__The problem__. Every line below from the one containing "Port D runs" through the one containing "From there, press" must be transcribed exactly. Omit all lines outside that stretch.

__Data shown__.

..........

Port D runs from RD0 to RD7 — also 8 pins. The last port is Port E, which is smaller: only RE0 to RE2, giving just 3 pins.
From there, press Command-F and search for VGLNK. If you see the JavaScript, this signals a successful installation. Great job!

..........

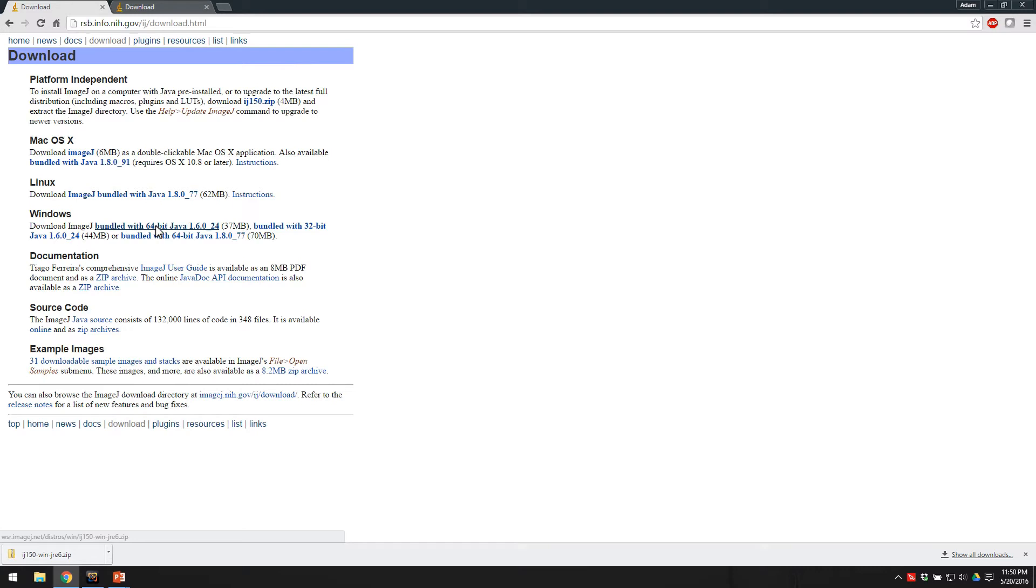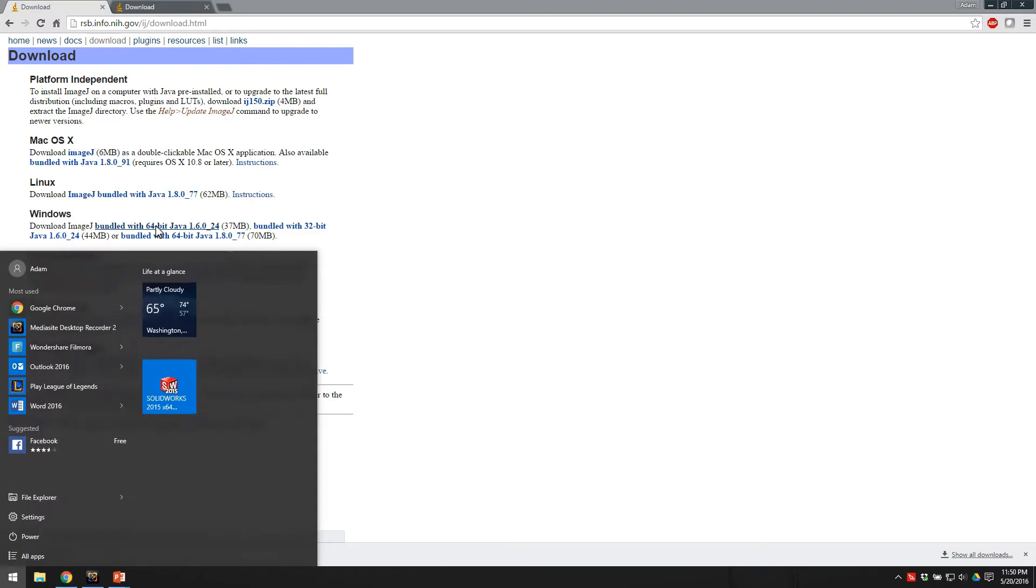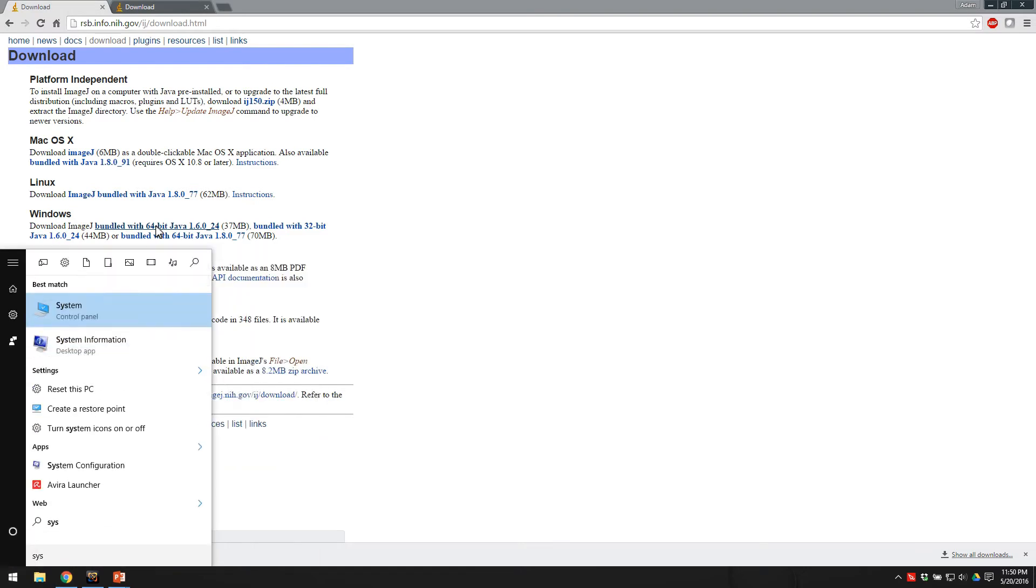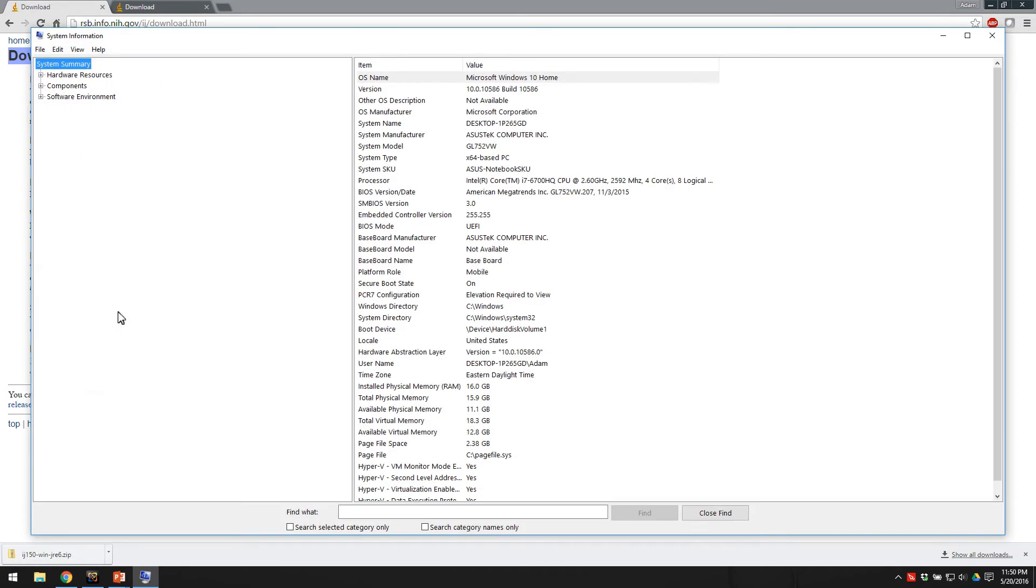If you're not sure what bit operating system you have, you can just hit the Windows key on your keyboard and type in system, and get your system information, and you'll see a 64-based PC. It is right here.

..........

__Solved problem__.
Port D runs from RD0 to RD7 — also 8 pins. The last port is Port E, which is smaller: only RE0 to RE2, giving just 3 pins.
From there, press Command-F and search for VGLNK. If you see the JavaScript, this signals a successful installation. Great job!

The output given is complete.